Terry Smith, the renowned fund manager of the £23.7 billion ($30 billion) Fundsmith Equity Fund, is often hailed as Britain's equivalent to Warren Buffett. Despite a period of underperformance compared to his benchmark, the MSCI world index, Smith remains confident in his long-term strategy.

Smith attributes the recent underperformance to weaknesses in companies like Estee Lauder, McCormick, and Mettler-Toledo, among others. However, it's worth noting that his annualized return of 15.3% since 2010 puts him ahead by approximately 4 points.

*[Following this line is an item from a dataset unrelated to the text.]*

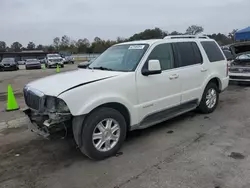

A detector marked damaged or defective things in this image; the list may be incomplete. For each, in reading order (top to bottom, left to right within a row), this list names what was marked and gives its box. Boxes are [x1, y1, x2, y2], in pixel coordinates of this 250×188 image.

damaged front end [23, 86, 72, 138]
front bumper damage [23, 107, 72, 138]
cracked headlight [45, 96, 69, 112]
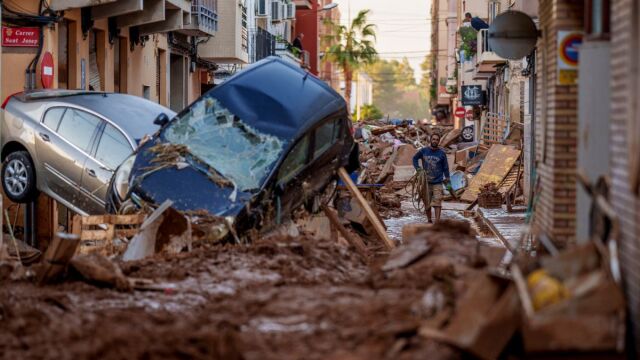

A Shifting Market Landscape

In his annual letter to investors, Smith reflects on the ever-changing dynamics of the stock market. He opines that Nvidia has emerged as the industry leader in designing chips for artificial intelligence (AI), while Microsoft is poised to dominate as an AI model provider. This shift in power challenges traditional norms and prompts him to question the fate of previous technology leaders:

  • Microchips: Intel
  • Internet Service Providers: AOL
  • Mobile Phones: Nokia
  • Search Engines: Yahoo
  • Smartphones: Research In Motion (Blackberry)
  • Social Media: Myspace

Smith highlights how these once-dominant players have fallen from grace. Intel is attempting to make a comeback, Apollo Global Management now owns both AOL and Yahoo, Nokia and Research In Motion have exited the phone business altogether, and Myspace has disappeared entirely.

Strategic Investment Choices

It's important to recognize that Smith also holds Microsoft in his fund. Following Meta Platforms, it was the second-best driver of performance. However, he emphasizes that even if all these tech giants met his investment criteria, he would not choose to invest in all of them due to concentration risk.

Terry Smith continues to navigate the ever-evolving stock market landscape with his distinctive investment approach, aiming for solid long-term returns while adapting to new opportunities and challenges.